Collected data
○ ○ ○

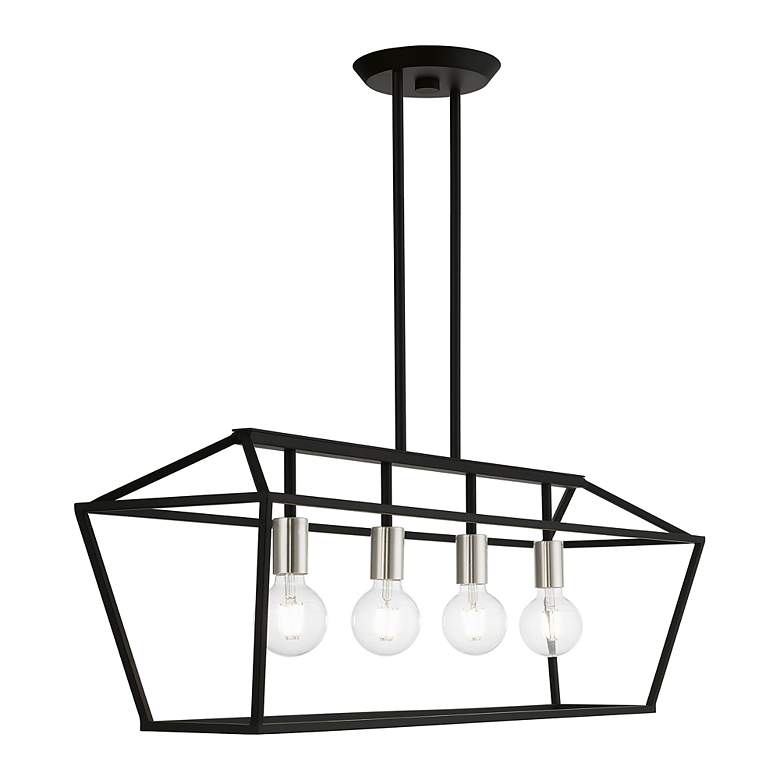 Image 7 Devone 4 Light Black Linear Chandelier with Brushed Nickel Accents more views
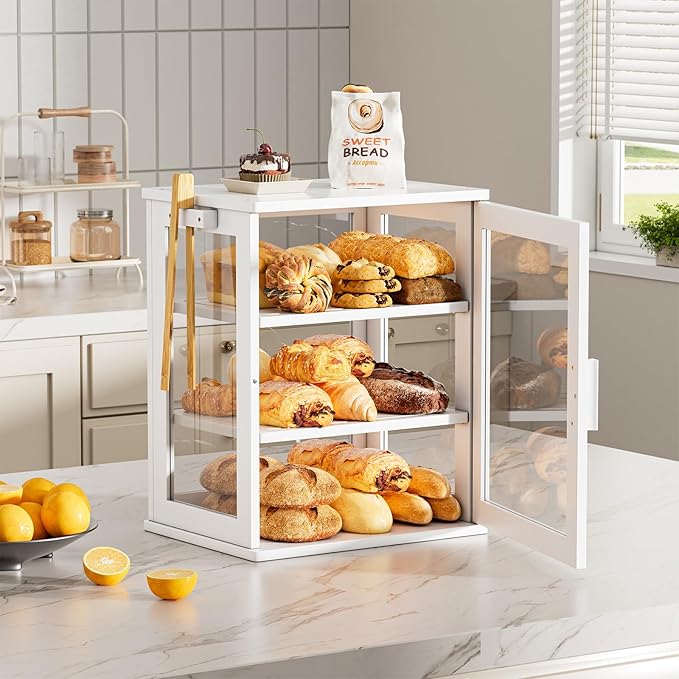 WOWLIVE Bread Box for Kitchen Countertop, Large 3 Layers Bread Storage Container for Homemade Bread with Window, Farmhouse Breadbox Organizer for Kitchen, Cabinet, Pantry (White, Meduim)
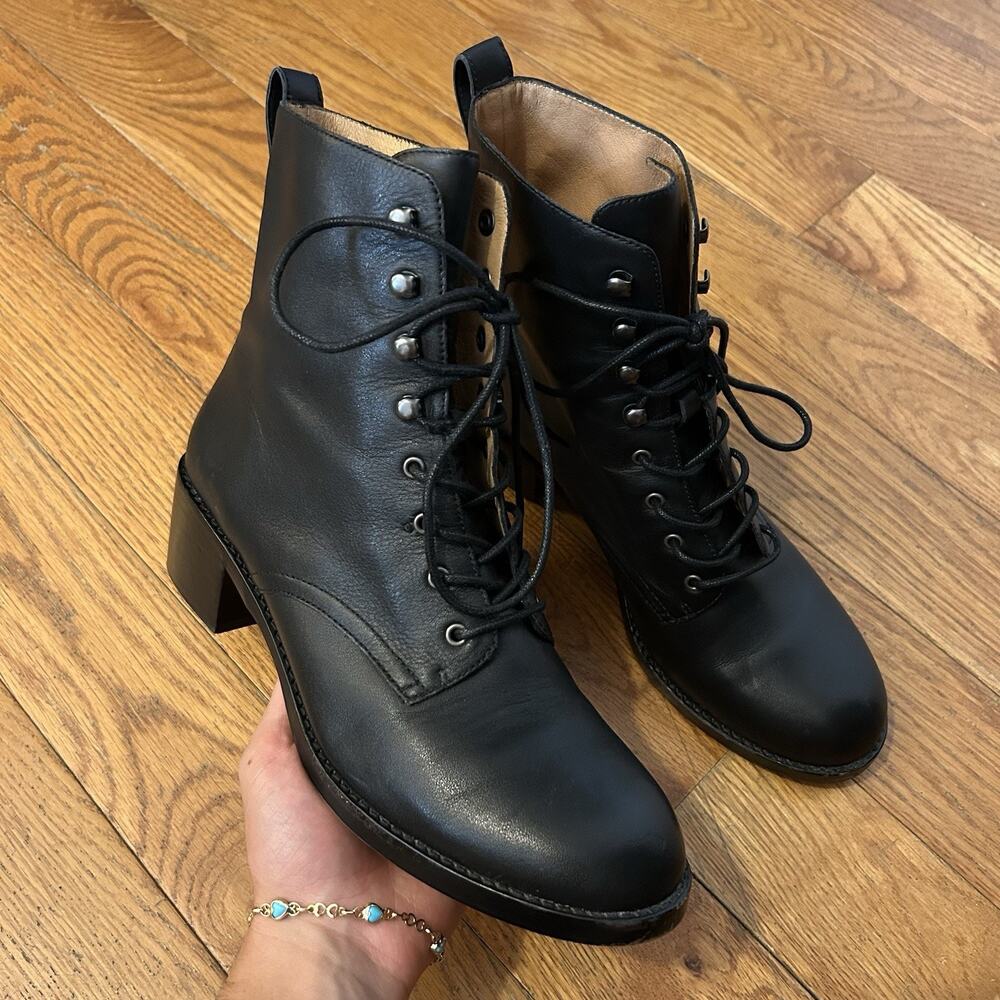 Madewell Patti Lace Up Black Leather Heeled Combat Boots Size 9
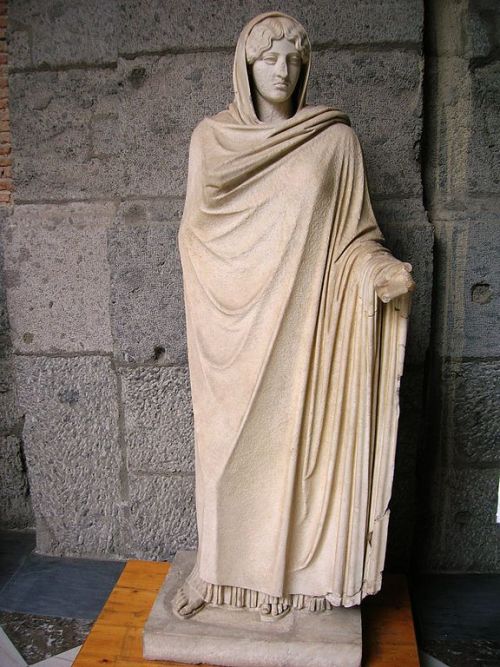 Aphrodite Sosandra (Savior of Men), 2nd century Roman copy of white Paros marble. It was discovered 
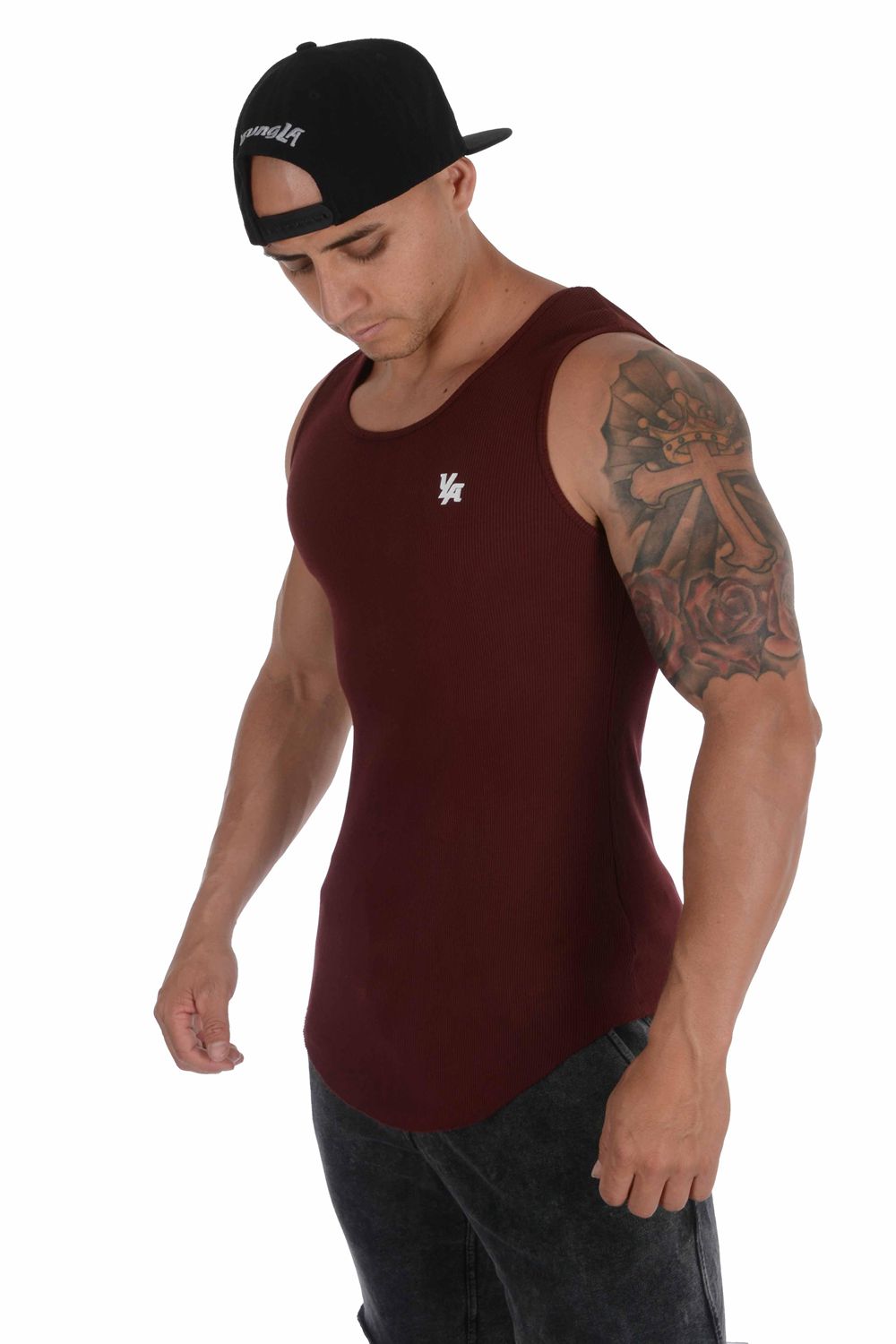 Young LA 314 Scoop Bottom Ribbed Tank Burgundy Canada | EWNX-92674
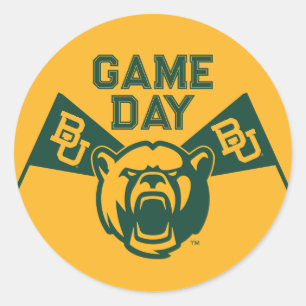 Baylor University Game Day Classic Round Sticker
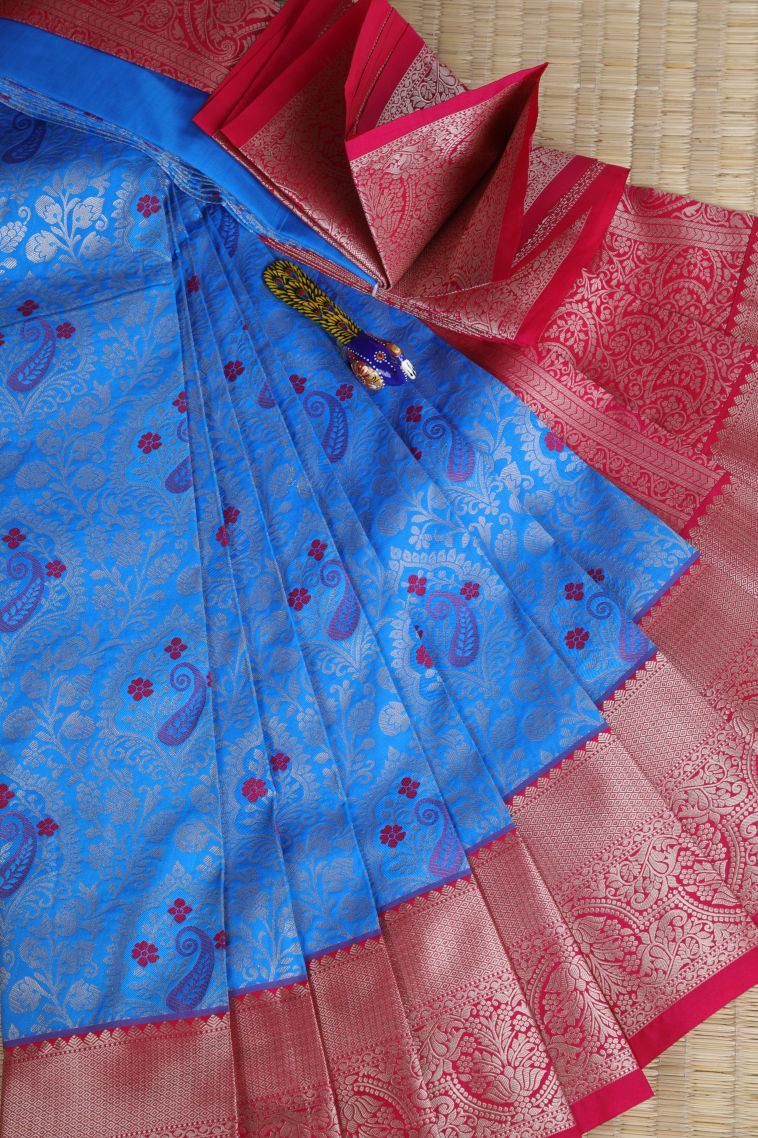 Cobalt Blue Visiri Madippu Silk Sarees with Silver Zari Manga view 1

○ ○ ○

When copying, output the data exactly and leave out the pictures.

 Image 7 Devone 4 Light Black Linear Chandelier with Brushed Nickel Accents more views
 WOWLIVE Bread Box for Kitchen Countertop, Large 3 Layers Bread Storage Container for Homemade Bread with Window, Farmhouse Breadbox Organizer for Kitchen, Cabinet, Pantry (White, Meduim)
 Madewell Patti Lace Up Black Leather Heeled Combat Boots Size 9
 Aphrodite Sosandra (Savior of Men), 2nd century Roman copy of white Paros marble. It was discovered 
 Young LA 314 Scoop Bottom Ribbed Tank Burgundy Canada | EWNX-92674
 Baylor University Game Day Classic Round Sticker
 Cobalt Blue Visiri Madippu Silk Sarees with Silver Zari Manga view 1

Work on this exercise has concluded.